Ruthless vulture capitalism as Romney's ultimate conservative cred

By Michael J.W. Stickings

Via twitter: 

Attacks on Bain do ultimately seem like a deadend in GOP primary. Bain is Rom's most authentic credential as a (contemporary) conservative.

-- Noam Scheiber (@noamscheiber)

A good point, but one that highlights Romney's potential problems down the road with independent voters and the new generation of "Reagan Democrats" in the general election.
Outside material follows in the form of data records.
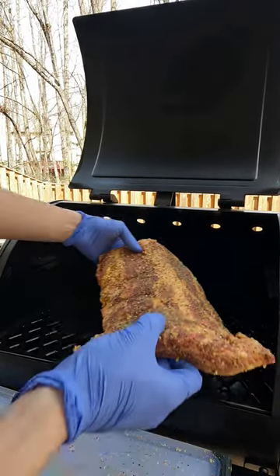The smoker is set to 275°F. We throw these in for three hours. It's been three hours now — I wanted to pull them around 165°F, it's a little bit over, but that's fine. We're going to go ahead and wrap them and get them back in there.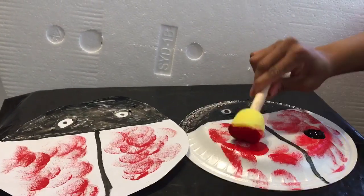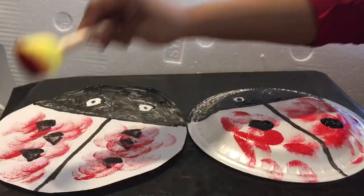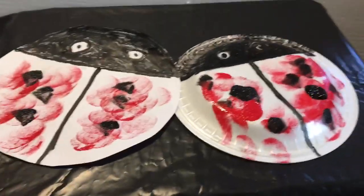So you'll do some black paint and we'll paint them all over the place. Have fun!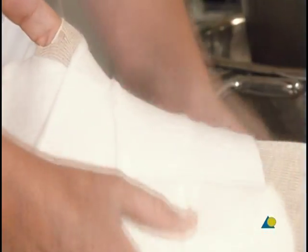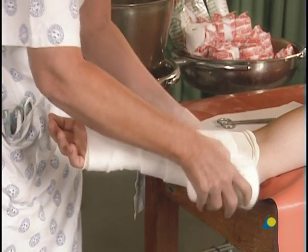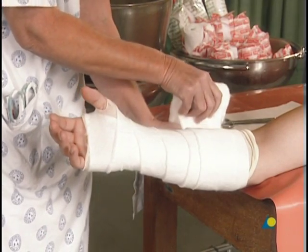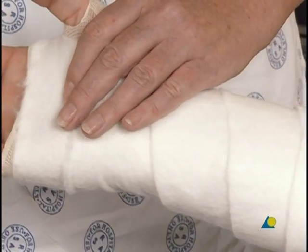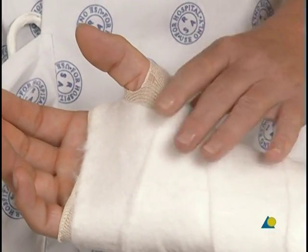The overlap creates a double layer of padding, which is sufficient for most injuries. It should be kept in mind that the more padding that is applied, the less rigid the support to the injury site. Consequently, more than two layers of padding are not normally recommended.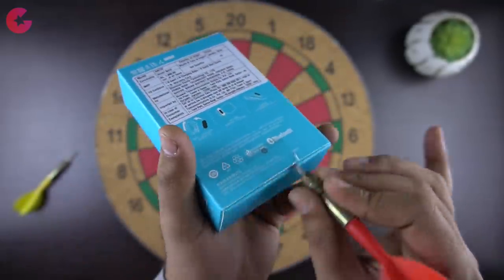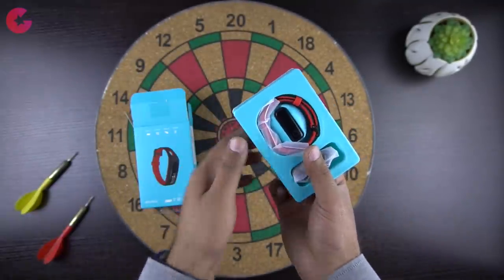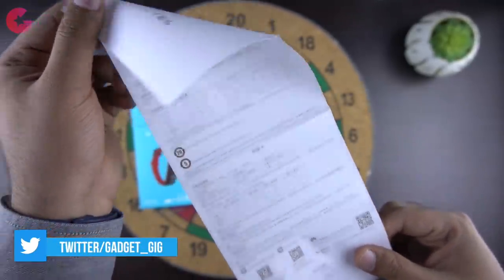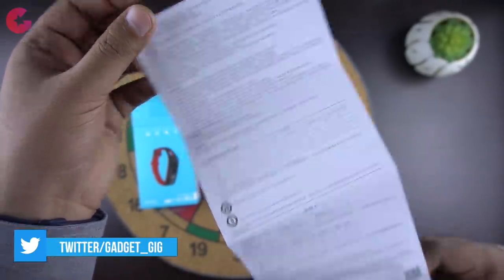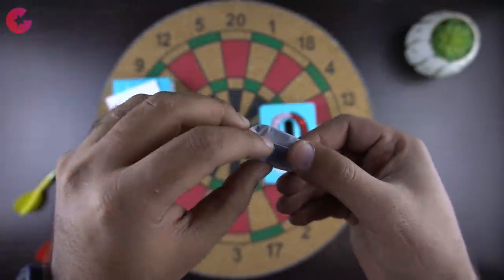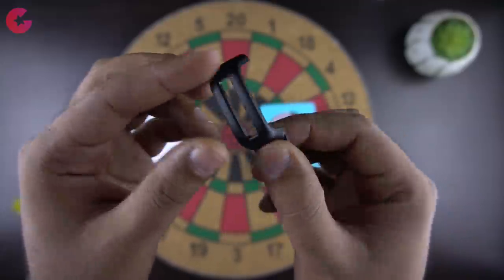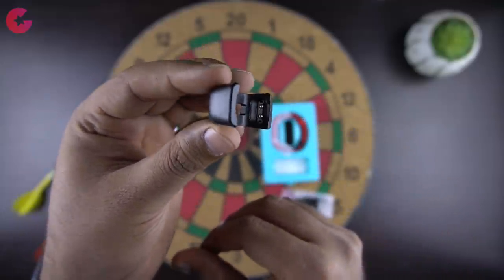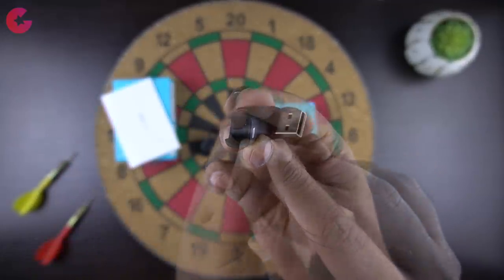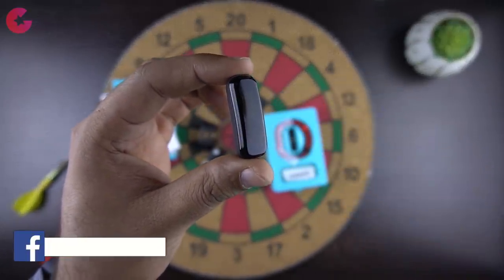Let's open the box and see the contents. First we get the user manual, which is in Chinese, but I think the retail version will have the English manual. Then we get the shoe buckle attachment, which I'll tell you about in a moment. Here is the USB charger, which is actually better as it's plug-and-play and you don't need any cable to charge the smart band. And here is the smart band module itself.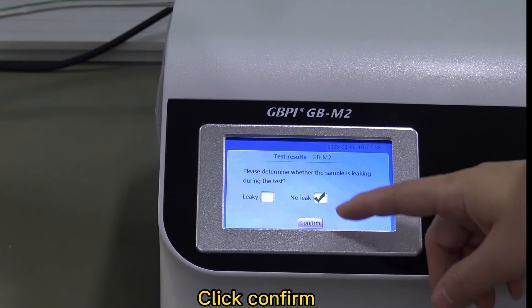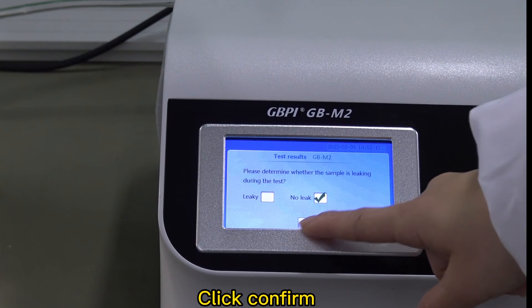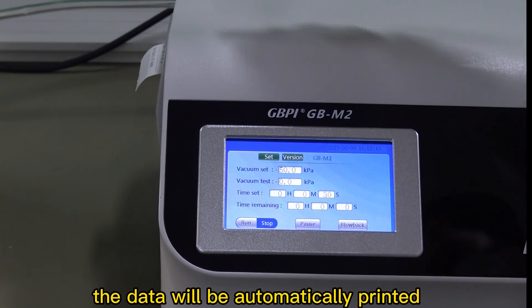Click confirm. The data will be automatically printed.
For all his shameless efforts to pander to the right-wing GOP base to secure three nomination, on any number of issues including health care, abortion, and Iran, his great appeal to conservatives is that he made himself sinking rich as an unethical and unregulated capitalist. But it's precisely his proud record of destroying jobs and ruining lives that could turn out to be his ultimate undoing, even more than the flip-flopping and seeming lack of authenticity -- and even more than the fact that non-elite conservatives generally loathe him.

But what Scheiber misses here, at least in this one tweet, is that his plutocratic vulture capitalism, his looting, is unpopular with many on the right as well, and Gingrich and Perry have been trying to exploit that populist opposition on the right.

In the end, other than party and media elites connected to the GOP, it's hard tho imagine anyone liking Romney at all.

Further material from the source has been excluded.